Baby Mary Clyde with her dog, Bobby Sneakers.Courtesy of Elise Jordan.

“His station in life is perhaps a little diminished in the hierarchy of the household,” Jordan admitted. While Bobby Sneakers has clearly taken a liking to his new baby sister, he doesn't appreciate everything about her presence. “He just gets annoyed when she's crying at night and just gives me these looks like ‘why is she doing this?’ And so, it's funny that you know, the loudest little dog who barks constantly thinks he's the only one that's supposed to make noise, but now he's got another noise maker to contend with.”

While Jordan anticipated the joyful spirit her daughter would bring to these fall and winter months, she's especially grateful for the unexpected sense of hope her daughter's birth has instilled in her during these trying times.
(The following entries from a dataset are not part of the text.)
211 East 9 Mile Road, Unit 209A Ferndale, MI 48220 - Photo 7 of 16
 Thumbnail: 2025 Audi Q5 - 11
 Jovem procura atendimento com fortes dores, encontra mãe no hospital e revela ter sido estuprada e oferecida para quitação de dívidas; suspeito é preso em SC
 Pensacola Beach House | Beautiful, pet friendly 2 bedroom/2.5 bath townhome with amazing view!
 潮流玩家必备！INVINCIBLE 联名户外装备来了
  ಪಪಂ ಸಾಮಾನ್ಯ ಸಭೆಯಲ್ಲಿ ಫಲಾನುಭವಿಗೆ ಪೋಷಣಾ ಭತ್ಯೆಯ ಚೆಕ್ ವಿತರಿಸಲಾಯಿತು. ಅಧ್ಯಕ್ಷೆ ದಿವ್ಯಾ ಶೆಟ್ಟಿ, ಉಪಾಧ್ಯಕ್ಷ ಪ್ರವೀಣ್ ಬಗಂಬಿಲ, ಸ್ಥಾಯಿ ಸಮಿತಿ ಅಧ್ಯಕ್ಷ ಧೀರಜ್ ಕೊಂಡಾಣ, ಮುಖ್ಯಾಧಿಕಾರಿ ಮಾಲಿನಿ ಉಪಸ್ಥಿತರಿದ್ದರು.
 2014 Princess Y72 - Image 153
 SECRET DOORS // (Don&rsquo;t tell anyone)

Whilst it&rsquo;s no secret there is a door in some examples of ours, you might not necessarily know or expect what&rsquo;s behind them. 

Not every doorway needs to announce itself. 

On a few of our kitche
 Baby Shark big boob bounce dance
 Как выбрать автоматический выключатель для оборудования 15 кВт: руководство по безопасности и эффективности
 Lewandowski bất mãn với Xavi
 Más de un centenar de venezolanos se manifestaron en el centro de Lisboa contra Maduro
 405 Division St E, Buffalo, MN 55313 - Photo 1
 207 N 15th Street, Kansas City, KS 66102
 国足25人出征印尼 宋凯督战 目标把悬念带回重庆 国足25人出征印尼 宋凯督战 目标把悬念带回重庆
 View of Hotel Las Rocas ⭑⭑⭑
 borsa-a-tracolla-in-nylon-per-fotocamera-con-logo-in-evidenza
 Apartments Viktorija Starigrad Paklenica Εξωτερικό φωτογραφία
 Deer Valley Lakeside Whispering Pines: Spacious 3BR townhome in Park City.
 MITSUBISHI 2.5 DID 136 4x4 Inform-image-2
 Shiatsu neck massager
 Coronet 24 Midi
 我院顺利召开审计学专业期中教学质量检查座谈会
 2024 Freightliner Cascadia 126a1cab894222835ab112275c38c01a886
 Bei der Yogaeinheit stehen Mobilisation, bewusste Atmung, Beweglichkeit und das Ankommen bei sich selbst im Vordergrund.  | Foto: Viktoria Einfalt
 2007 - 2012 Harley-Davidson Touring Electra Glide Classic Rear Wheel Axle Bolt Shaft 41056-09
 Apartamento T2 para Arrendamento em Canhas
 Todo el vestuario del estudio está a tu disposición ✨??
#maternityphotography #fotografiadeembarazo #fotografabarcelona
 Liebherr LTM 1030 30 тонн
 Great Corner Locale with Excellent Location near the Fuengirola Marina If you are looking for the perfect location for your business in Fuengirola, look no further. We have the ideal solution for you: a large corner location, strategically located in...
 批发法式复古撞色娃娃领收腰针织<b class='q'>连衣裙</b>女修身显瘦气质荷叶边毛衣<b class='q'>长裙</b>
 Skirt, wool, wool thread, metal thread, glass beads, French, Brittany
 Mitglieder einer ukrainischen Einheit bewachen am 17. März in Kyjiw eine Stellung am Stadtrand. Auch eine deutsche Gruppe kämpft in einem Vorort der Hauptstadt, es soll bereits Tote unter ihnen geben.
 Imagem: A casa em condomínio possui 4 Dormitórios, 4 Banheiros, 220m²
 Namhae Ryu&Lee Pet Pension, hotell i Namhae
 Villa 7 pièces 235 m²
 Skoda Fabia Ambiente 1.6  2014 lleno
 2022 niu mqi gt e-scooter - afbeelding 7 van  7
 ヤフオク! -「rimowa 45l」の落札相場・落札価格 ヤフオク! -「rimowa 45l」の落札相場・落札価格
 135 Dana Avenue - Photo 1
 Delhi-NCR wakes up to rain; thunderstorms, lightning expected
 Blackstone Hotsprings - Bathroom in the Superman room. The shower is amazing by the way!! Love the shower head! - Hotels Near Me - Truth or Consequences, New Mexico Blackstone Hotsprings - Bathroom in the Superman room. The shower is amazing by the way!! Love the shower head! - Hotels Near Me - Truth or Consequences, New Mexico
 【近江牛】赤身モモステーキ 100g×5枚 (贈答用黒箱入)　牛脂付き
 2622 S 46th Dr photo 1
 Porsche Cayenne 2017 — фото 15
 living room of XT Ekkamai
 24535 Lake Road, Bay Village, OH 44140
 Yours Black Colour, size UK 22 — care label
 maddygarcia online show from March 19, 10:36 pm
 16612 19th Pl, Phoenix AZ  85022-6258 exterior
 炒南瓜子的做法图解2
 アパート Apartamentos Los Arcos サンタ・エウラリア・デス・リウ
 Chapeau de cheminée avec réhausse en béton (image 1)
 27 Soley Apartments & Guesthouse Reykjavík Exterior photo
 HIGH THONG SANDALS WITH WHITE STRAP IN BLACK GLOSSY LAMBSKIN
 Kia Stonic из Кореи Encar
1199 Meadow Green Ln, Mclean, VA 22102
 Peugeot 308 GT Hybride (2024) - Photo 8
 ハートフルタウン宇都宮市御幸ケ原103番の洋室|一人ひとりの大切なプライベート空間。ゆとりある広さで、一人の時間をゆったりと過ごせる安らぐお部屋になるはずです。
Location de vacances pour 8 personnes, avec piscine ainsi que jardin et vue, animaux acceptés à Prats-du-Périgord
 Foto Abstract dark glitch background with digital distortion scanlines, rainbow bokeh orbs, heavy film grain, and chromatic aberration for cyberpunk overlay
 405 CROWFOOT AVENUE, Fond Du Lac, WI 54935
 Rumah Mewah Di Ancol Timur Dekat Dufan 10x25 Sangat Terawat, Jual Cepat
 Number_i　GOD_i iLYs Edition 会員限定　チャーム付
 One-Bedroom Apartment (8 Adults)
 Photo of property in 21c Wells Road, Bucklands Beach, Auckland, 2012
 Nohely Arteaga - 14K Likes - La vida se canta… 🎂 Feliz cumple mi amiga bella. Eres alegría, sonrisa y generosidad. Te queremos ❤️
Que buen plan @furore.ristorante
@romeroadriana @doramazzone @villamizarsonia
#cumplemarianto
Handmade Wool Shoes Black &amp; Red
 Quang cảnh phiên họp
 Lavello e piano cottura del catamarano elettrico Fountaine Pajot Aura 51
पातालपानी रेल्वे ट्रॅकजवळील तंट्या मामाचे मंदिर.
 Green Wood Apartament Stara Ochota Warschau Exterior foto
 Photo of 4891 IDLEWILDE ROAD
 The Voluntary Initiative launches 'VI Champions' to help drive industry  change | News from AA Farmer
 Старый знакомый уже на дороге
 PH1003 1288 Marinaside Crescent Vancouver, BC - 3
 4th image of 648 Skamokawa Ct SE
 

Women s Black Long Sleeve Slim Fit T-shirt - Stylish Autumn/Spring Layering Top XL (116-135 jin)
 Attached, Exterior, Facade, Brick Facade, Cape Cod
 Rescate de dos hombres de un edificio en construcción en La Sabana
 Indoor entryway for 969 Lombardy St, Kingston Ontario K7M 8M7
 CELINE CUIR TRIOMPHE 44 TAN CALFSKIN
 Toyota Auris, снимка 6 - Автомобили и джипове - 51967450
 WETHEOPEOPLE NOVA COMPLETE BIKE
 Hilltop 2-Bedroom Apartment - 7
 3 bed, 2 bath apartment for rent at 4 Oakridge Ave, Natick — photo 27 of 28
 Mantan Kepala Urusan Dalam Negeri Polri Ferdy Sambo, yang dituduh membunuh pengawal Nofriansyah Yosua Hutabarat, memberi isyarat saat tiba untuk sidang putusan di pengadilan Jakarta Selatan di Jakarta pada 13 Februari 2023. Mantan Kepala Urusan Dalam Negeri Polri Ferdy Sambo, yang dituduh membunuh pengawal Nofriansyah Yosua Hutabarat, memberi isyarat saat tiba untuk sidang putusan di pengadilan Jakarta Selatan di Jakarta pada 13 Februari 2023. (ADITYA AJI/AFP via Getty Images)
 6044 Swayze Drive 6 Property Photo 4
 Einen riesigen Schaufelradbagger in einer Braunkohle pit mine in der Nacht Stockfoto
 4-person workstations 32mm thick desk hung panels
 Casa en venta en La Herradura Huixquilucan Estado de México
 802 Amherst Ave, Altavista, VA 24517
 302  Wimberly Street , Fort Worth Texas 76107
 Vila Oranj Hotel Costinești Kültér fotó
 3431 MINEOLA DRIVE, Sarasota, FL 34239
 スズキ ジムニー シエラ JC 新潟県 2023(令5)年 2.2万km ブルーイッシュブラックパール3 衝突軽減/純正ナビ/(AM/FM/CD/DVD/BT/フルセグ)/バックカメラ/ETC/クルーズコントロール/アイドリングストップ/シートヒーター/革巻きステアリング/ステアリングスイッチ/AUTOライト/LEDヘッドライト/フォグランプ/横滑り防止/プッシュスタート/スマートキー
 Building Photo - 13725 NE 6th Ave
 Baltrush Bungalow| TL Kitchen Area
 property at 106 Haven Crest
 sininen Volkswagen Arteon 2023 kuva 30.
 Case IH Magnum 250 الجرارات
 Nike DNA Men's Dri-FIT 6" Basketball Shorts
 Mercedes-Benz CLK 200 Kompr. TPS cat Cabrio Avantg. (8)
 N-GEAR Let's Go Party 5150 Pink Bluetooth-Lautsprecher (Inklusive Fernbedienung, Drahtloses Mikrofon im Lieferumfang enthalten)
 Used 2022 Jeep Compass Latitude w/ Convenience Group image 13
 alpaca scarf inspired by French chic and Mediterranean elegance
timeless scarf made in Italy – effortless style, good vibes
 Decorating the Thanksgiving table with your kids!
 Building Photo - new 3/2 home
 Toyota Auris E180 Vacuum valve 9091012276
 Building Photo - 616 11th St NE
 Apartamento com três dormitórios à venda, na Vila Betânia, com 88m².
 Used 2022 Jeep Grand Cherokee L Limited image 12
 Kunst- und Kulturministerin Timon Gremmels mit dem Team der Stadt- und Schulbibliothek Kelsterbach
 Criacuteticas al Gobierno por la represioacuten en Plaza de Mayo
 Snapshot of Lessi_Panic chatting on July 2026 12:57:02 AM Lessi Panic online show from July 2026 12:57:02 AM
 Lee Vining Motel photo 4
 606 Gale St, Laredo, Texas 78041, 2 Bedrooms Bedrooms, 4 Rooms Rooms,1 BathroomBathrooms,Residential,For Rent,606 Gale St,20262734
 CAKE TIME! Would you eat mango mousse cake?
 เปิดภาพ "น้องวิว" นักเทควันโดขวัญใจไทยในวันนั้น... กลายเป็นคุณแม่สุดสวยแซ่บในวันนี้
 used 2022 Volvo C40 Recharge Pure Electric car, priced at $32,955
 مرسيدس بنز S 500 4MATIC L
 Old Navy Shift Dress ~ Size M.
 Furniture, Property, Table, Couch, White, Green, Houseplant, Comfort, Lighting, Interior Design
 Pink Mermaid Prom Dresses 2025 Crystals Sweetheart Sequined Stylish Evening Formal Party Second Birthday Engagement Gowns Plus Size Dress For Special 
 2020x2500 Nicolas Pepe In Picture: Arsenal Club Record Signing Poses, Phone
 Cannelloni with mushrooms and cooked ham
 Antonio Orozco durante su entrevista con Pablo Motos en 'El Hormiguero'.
"Giving birth during a pandemic, in this time of a lot of hopelessness, you're bringing light," she said. "And it's the most incredible expression of hope that there is, in belief in the future and belief in all the goodness and promise that there is in the world. So I do feel lucky that in this time of a lot of depressing news and hopelessness, you see this incredible life that brings so much joy to us immediately. And you can just see the promise of the world unveiled a bit."